Items from a dataset
+--

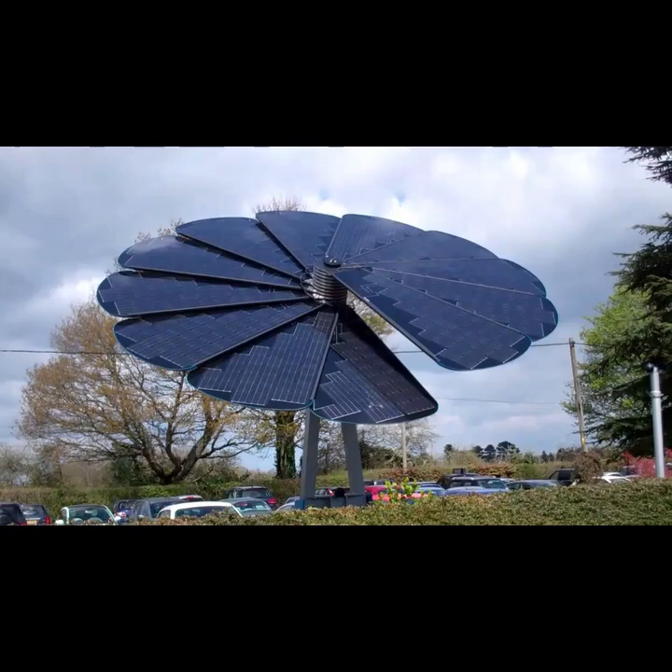This one's called the Smart Flower, and it comes with a dual system tracker. These petals will fold out during the day, but at night they will also fold closed. And then there's a cleaning system that cleans the petals at the end of the day — they clean themselves through these brushes, and it goes through each panel.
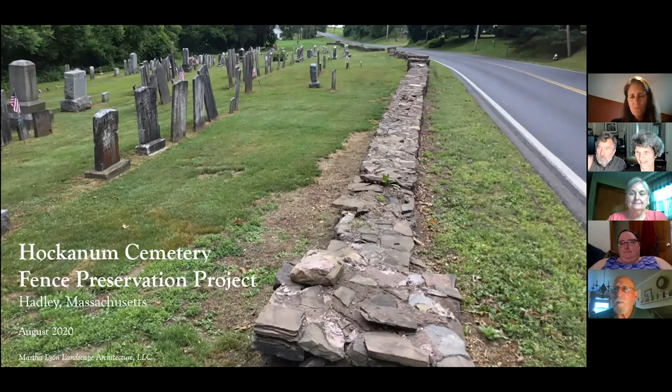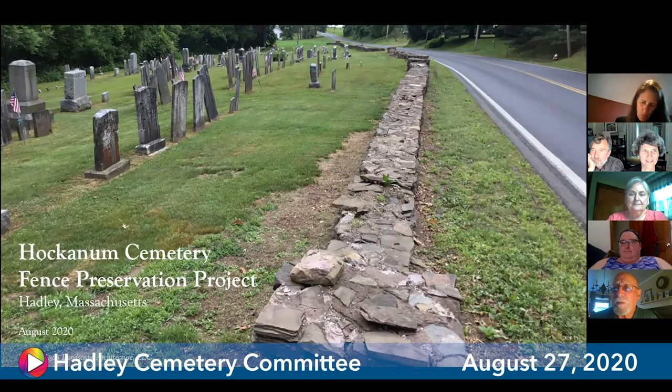It's 6:05. I think we're going to call a meeting to order and get rolling. Let me introduce myself for anybody who's going to watch this later. I'm Alan Weinberg, Chairman of the Town of Hadley Cemetery Committee. With us today from the Cemetery Committee, we have Mary Thayer and Diane Stengel. From the Historical Commission, Stacey Cooney and Judy Stone. Gary Ritter is with us — he's a Hockanum resident. And then we have Martha Lyon and Celine Weber from Martha Lyon Landscape Architects.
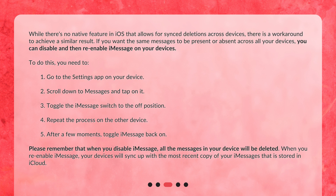To do this: 1. Go to the Settings app on your device. 2. Scroll down to Messages and tap on it. 3. Toggle the iMessage switch to the off position. 4. Repeat the process on the other device. 5. After a few moments, toggle iMessage back on. Please remember that when you disable iMessage, all the messages on your device will be deleted.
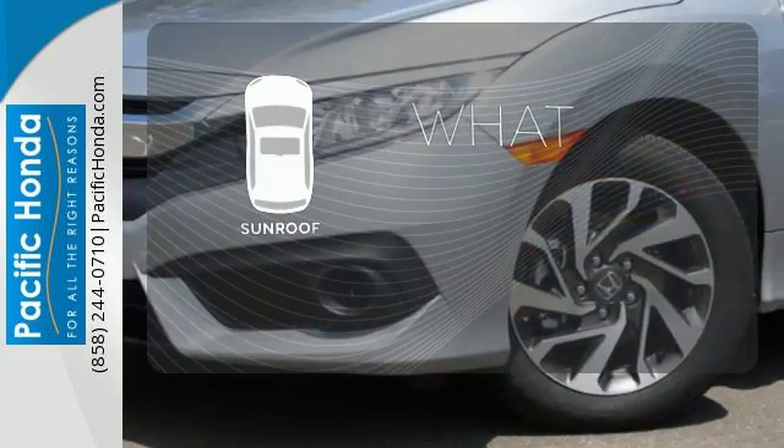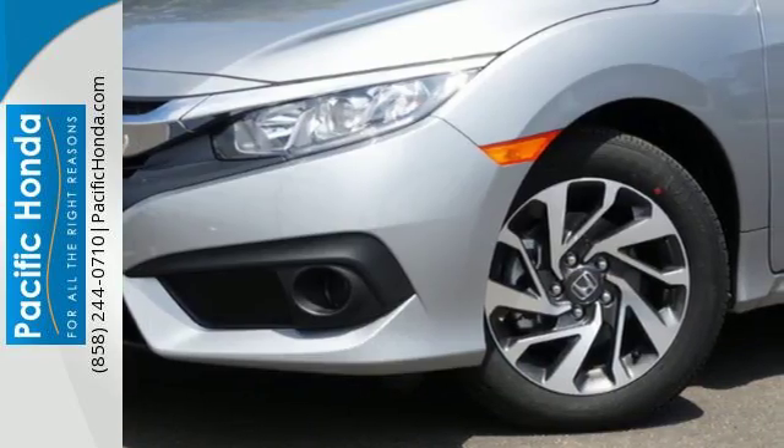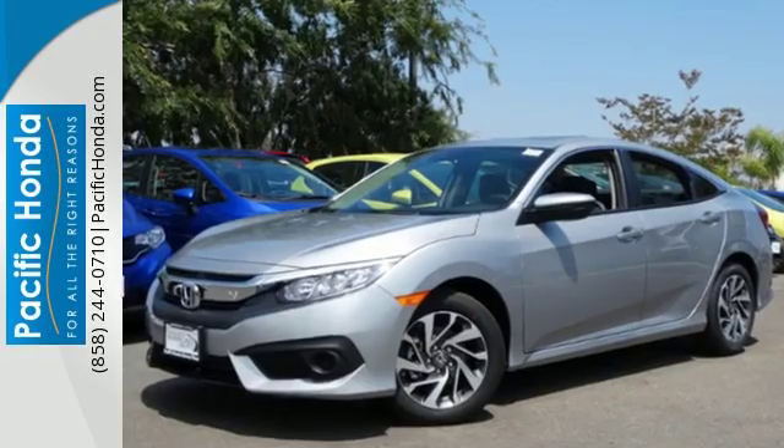The sunroof gives you fresh air for your drive. Climb inside this overachieving Honda Civic. Drive yours home today.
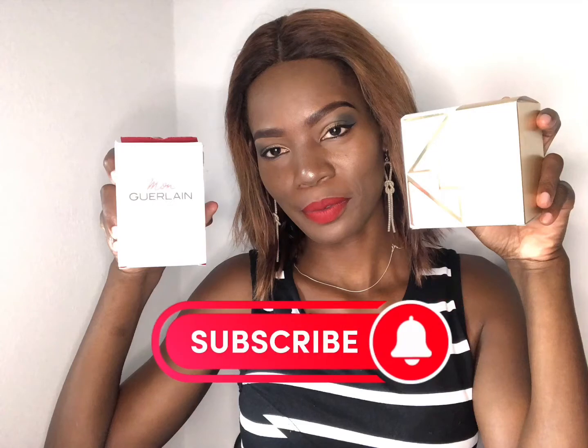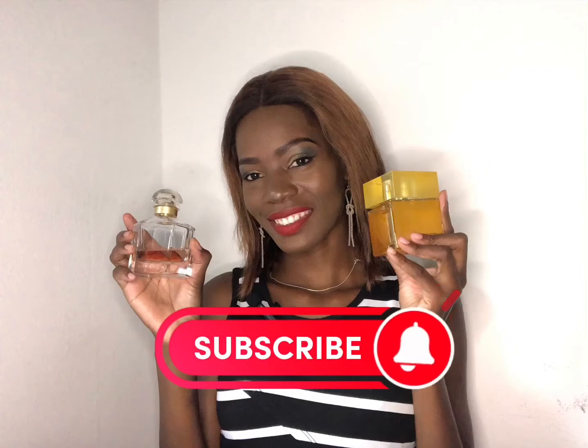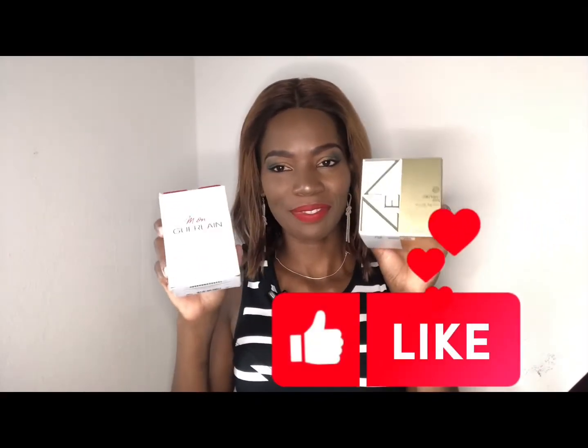Hey, it's me! Hello, guys! I hope you're all doing amazing wherever you are by the time you get to watch this video. Once again, welcome back to my channel. If you're new here and you haven't subscribed, what are you waiting for? Please do so.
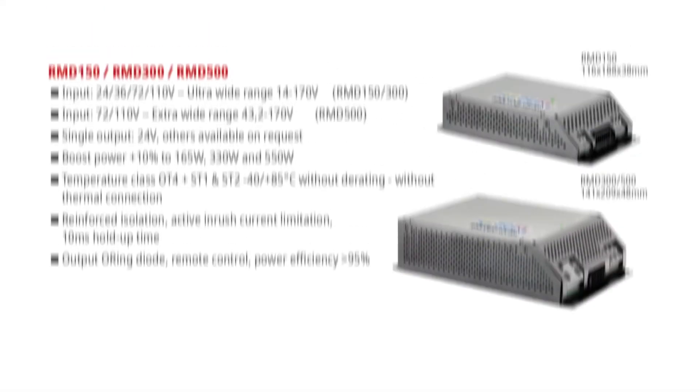For plug-and-play applications, Recom also offers the RMD series, which are fully railway-approved power solutions. On top of this, Recom offers the PCS-Line railway battery chargers from 3 kilowatts up to 18 kilowatts and above.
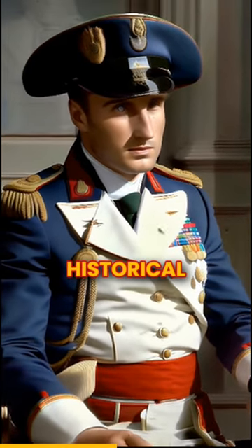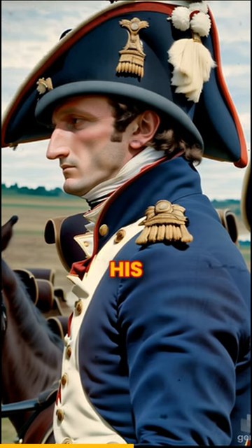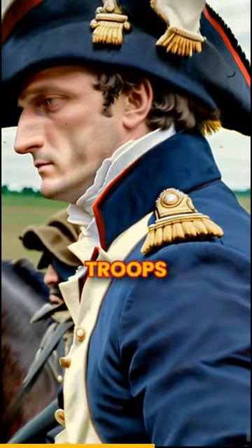It is considered a priceless historical artifact. Unlike most other people at the time, Napoleon wore his hat sideways, which gave him a distinct silhouette easily recognized by his troops in battle.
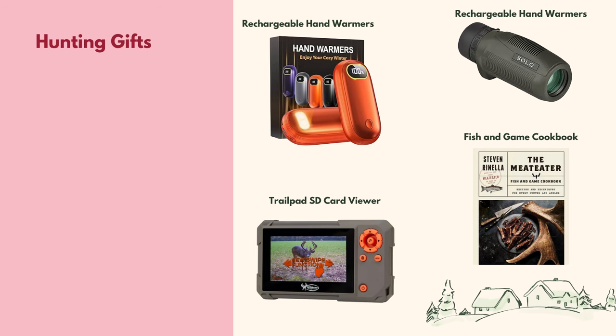I also have a hunting lover in my life — do you? Hunting season tends to be the coldest, so these rechargeable hand warmers are a very practical gift — one charge lasts up to 18 hours. They're also great for sports parents or people who work outside. The monocular is compact and allows you to get a clear, crisp image. The SD card viewer lets you view footage on trail cams without leaving the woods. And the Meat Eater's Cookbook is a great, affordable gift for those who also love to cook what they've hunted.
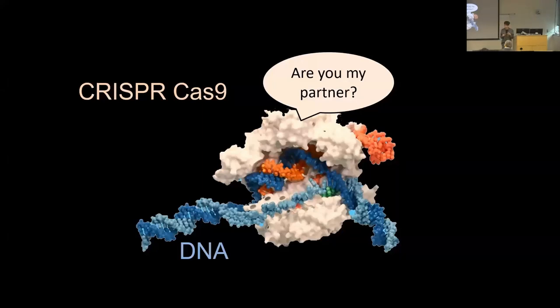You can think of Cas9 as asking the DNA 'are you my partner?' by unwinding the target DNA shown in blue, and comparing that sequence to the guide RNA shown in red. This DNA unwinding activity turns out to be very important for checking the correct target. We decided to measure this activity using single-molecule FRET — if two dyes attached to the DNA strands are separated by unwinding, you get mainly green signal; before unwinding, the dyes are closer, so you get mainly red signal.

+--

• WHAT NEEDS TO BE DONE: Only the records are wanted, copied exactly, with the pictures dropped.

• EXERCISE OUTPUT:
This one's called the Smart Flower, and it comes with a dual system tracker. These petals will fold out during the day, but at night they will also fold closed. And then there's a cleaning system that cleans the petals at the end of the day — they clean themselves through these brushes, and it goes through each panel.
It's 6:05. I think we're going to call a meeting to order and get rolling. Let me introduce myself for anybody who's going to watch this later. I'm Alan Weinberg, Chairman of the Town of Hadley Cemetery Committee. With us today from the Cemetery Committee, we have Mary Thayer and Diane Stengel. From the Historical Commission, Stacey Cooney and Judy Stone. Gary Ritter is with us — he's a Hockanum resident. And then we have Martha Lyon and Celine Weber from Martha Lyon Landscape Architects.
To do this: 1. Go to the Settings app on your device. 2. Scroll down to Messages and tap on it. 3. Toggle the iMessage switch to the off position. 4. Repeat the process on the other device. 5. After a few moments, toggle iMessage back on. Please remember that when you disable iMessage, all the messages on your device will be deleted.
The sunroof gives you fresh air for your drive. Climb inside this overachieving Honda Civic. Drive yours home today.
Hey, it's me! Hello, guys! I hope you're all doing amazing wherever you are by the time you get to watch this video. Once again, welcome back to my channel. If you're new here and you haven't subscribed, what are you waiting for? Please do so.
For plug-and-play applications, Recom also offers the RMD series, which are fully railway-approved power solutions. On top of this, Recom offers the PCS-Line railway battery chargers from 3 kilowatts up to 18 kilowatts and above.
It is considered a priceless historical artifact. Unlike most other people at the time, Napoleon wore his hat sideways, which gave him a distinct silhouette easily recognized by his troops in battle.
I also have a hunting lover in my life — do you? Hunting season tends to be the coldest, so these rechargeable hand warmers are a very practical gift — one charge lasts up to 18 hours. They're also great for sports parents or people who work outside. The monocular is compact and allows you to get a clear, crisp image. The SD card viewer lets you view footage on trail cams without leaving the woods. And the Meat Eater's Cookbook is a great, affordable gift for those who also love to cook what they've hunted.
You can think of Cas9 as asking the DNA 'are you my partner?' by unwinding the target DNA shown in blue, and comparing that sequence to the guide RNA shown in red. This DNA unwinding activity turns out to be very important for checking the correct target. We decided to measure this activity using single-molecule FRET — if two dyes attached to the DNA strands are separated by unwinding, you get mainly green signal; before unwinding, the dyes are closer, so you get mainly red signal.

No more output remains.